Task details →
Look below for the line containing "Polaris Polaris 800" and the line containing "5 bedroom Villa", then set down both and every line between them exactly, without pictures.

Supplied information →

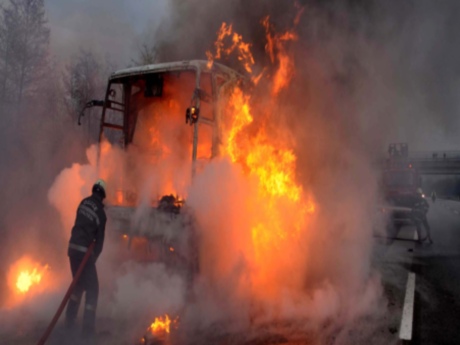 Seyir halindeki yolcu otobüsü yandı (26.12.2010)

--

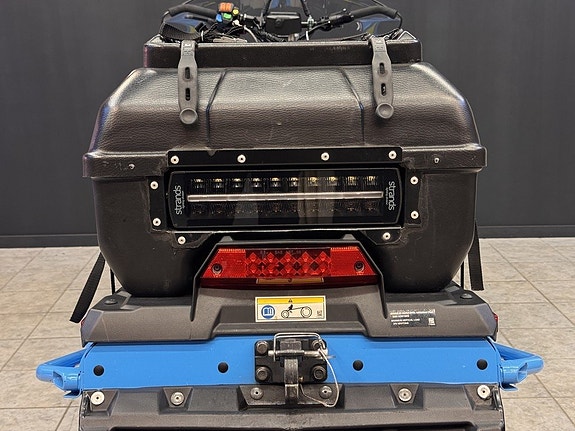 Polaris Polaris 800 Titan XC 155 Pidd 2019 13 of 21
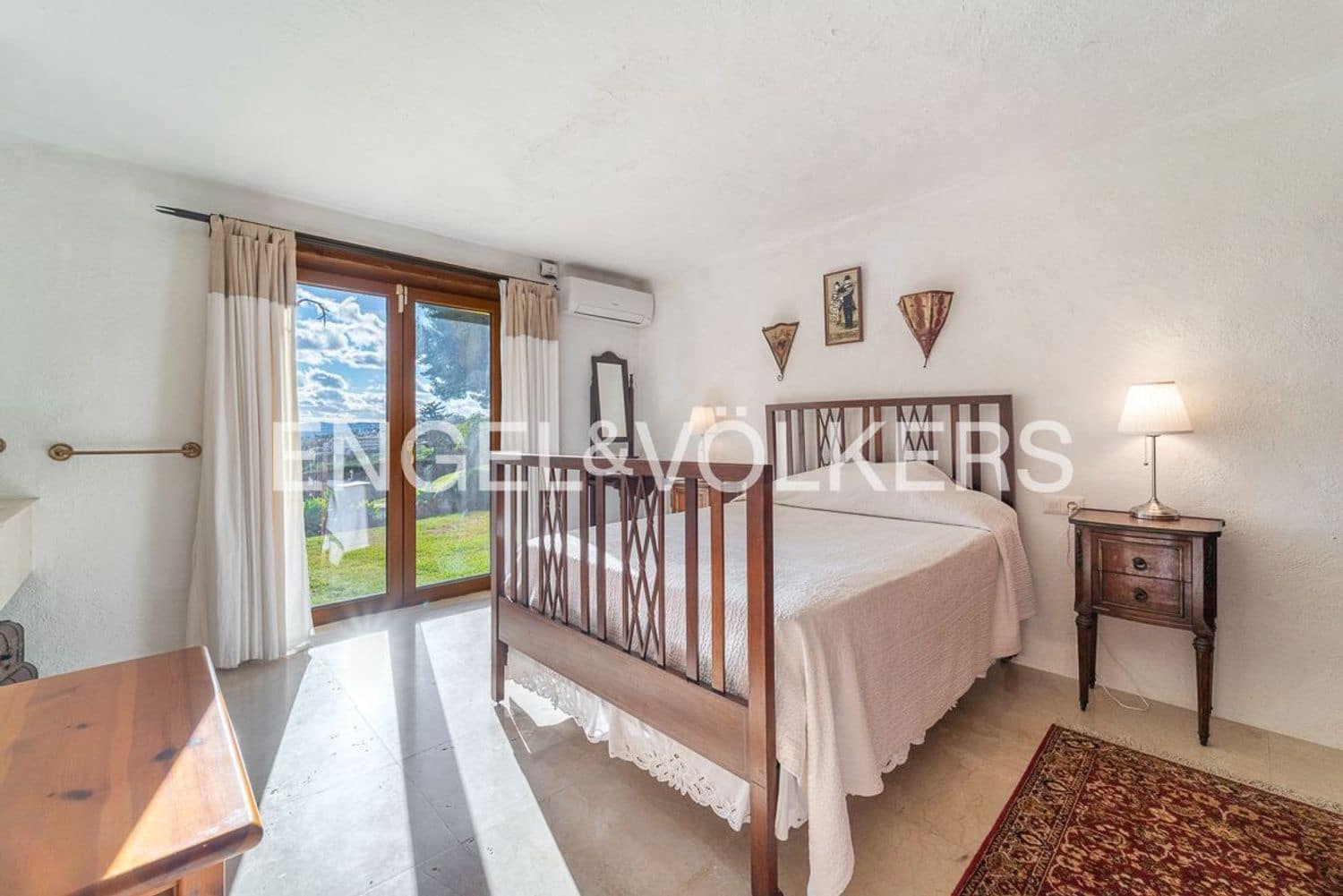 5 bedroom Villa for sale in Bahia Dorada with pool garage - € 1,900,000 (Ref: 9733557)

Response area →
 Polaris Polaris 800 Titan XC 155 Pidd 2019 13 of 21
 5 bedroom Villa for sale in Bahia Dorada with pool garage - € 1,900,000 (Ref: 9733557)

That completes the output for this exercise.